Indian politician, lawyer, writer, and poet

Jagmeet Singh Brar (born 23 May 1958 in Bam, Muktsar District, Punjab) is an Indian politician, lawyer, writer and poet who belonged to the Bharatiya Janata Party. He represents the Lokhit Abhiyan political party.

== Education ==
He holds an M.A. and LL.B. from Punjabi University in Patiala.

== Political career ==
Brar started his career as a student leader under the guidance of his father, Gurmit Singh Brar, former Cabinet Minister, Punjab.
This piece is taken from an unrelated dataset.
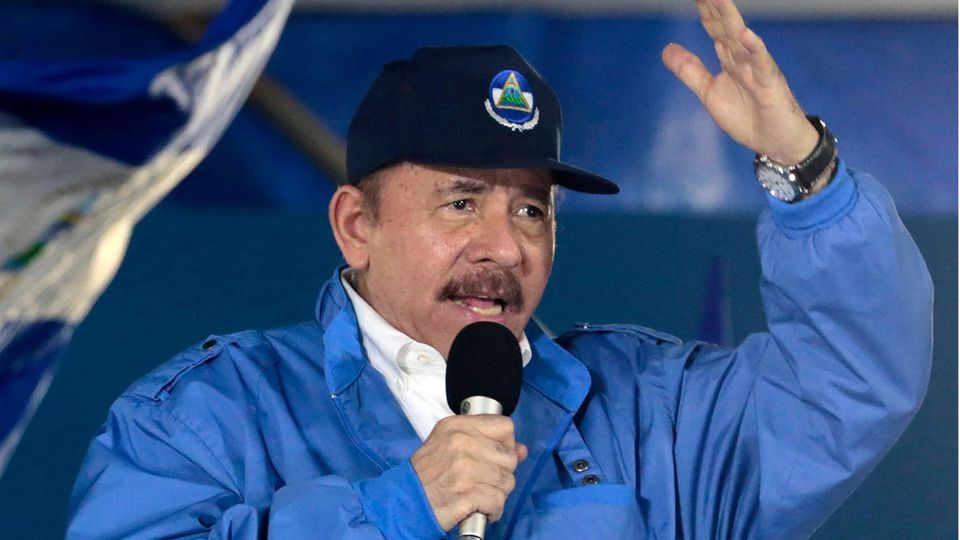 Der Präsident von Nicaragua, Daniel Ortega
He served as president of the All India Sikh Student Federation. He was imprisoned during emergency from 1975 to 1977 as a student leader studying at Government College, Muktsar in Punjab and courted arrest many times on political issues. He spent seven months in Bathinda jail from 1979 to 1980 against Akali government. A case was registered against him for leading a Kisan movement in Faridkot.
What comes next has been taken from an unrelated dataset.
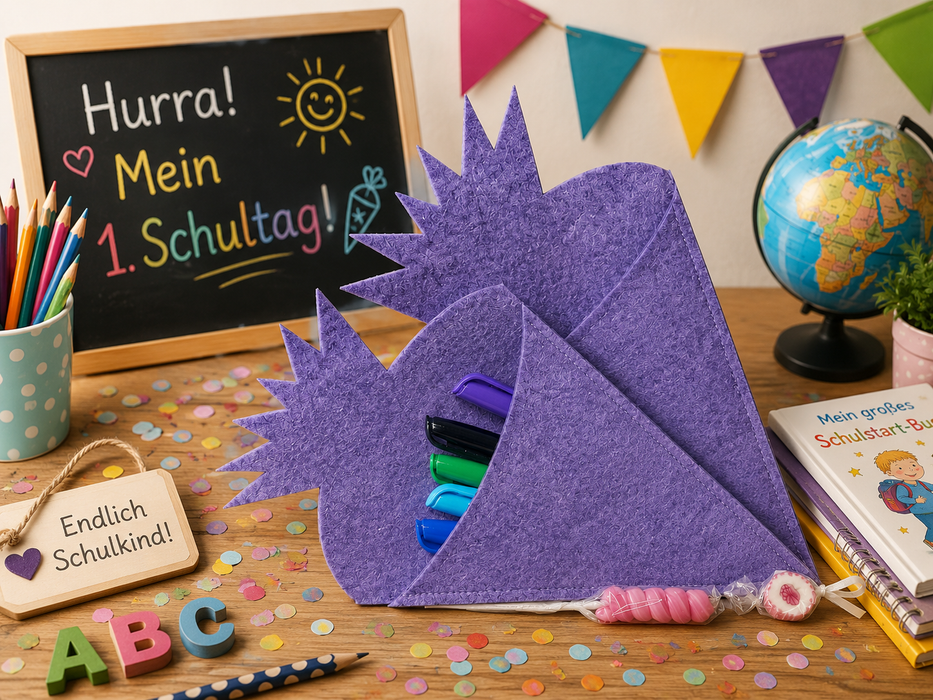 Schultüte/Zuckertüte spitz 2er Pack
He contested many tough elections against stalwarts like Parkash Singh Badal from Gidderbaha in 1980 and 1984. In 1980, he was only 22 years old and fought assembly election against Parkash Singh Badal from Gidderbaha. He finally gained success and was elected to the 10th Lok Sabha in 1992 and to the 13th Lok Sabha in 1999, representing the constituency of Faridkot in Punjab, on a Congress Party ticket. In 1999, he defeated Sukhbir Singh Badal, when Parkash Singh Badal was the Chief Minister of Punjab. This was considered a huge victory because the wave was anti-Congress. Despite being a national leader, he narrowly lost the 2004 and 2009 Lok Sabha polls from two local leaders. He did not contest the 2014 Lok Sabha polls but actively campaigned through the state.

He remained Member of the Congress Working Committee from 2005 to 2012, first as a special invitee and then a permanent invitee to the working committee. He was also in-charge of the Goa Congress, briefly. Brar quit Congress party on 5 January 2015 due to his differences with the Congress party leadership at Centre and Punjab level after serving the party for a long period of over 35 years.
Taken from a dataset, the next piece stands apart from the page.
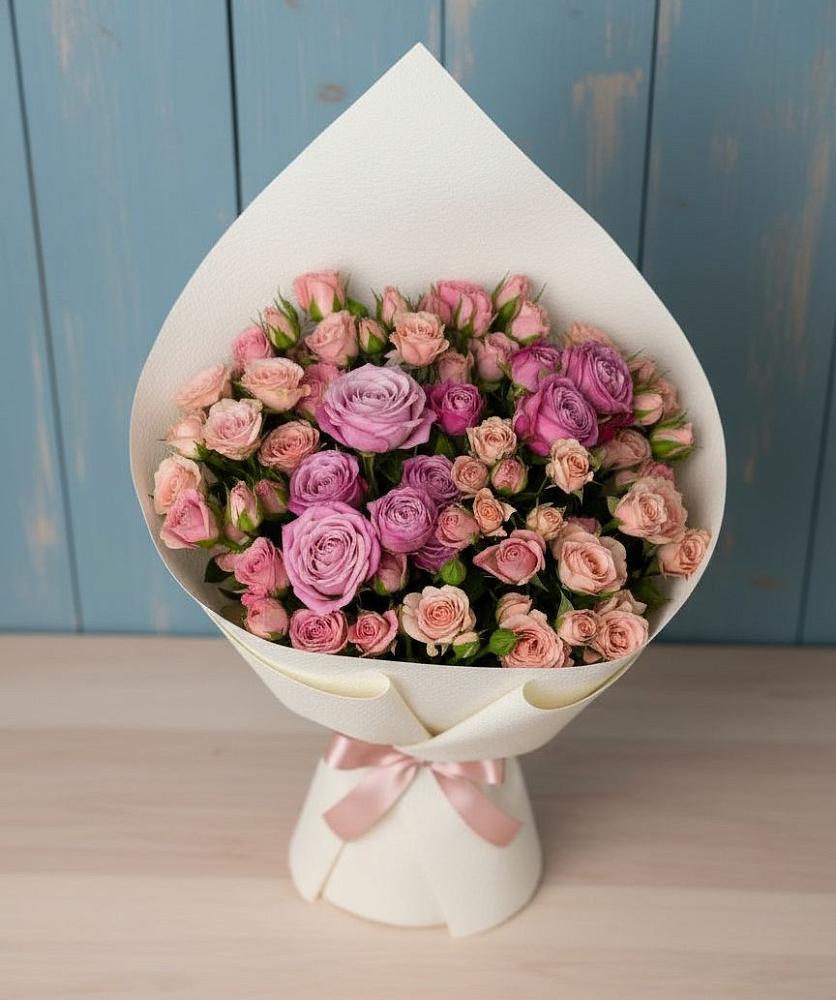 Букет цветов из: Розы в Больших Березниках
During his tenure of Lok Sabha MP from Faridkot (1992 and 1999), he raised various issues regarding 1984 Genocide, Punjab's rivers, Punjab's capital and regarding farming. His work was much appreciated and people of Punjab named him as "Awaz-E-Punjab".

After quitting the INC, he joined the All India Trinamool Congress (AITC) and was the president for the state of Punjab. An alliance between the AITC and Aam Aadmi Party (AAP) was on the cards but it did not materialise. Finally, he fielded a few candidates in the 2017 Punjab Vidhan Sabha elections but none of them won. On 25 January 2017, he quit the Trinamool Congress owing to differences with Party Supremo Mamata Banerjee over Punjab related issues. Currently, he is working independently with his close group of associates which also includes former MLAs like Ripjit Brar, Vijay Sathi and more known faces of Punjab politics.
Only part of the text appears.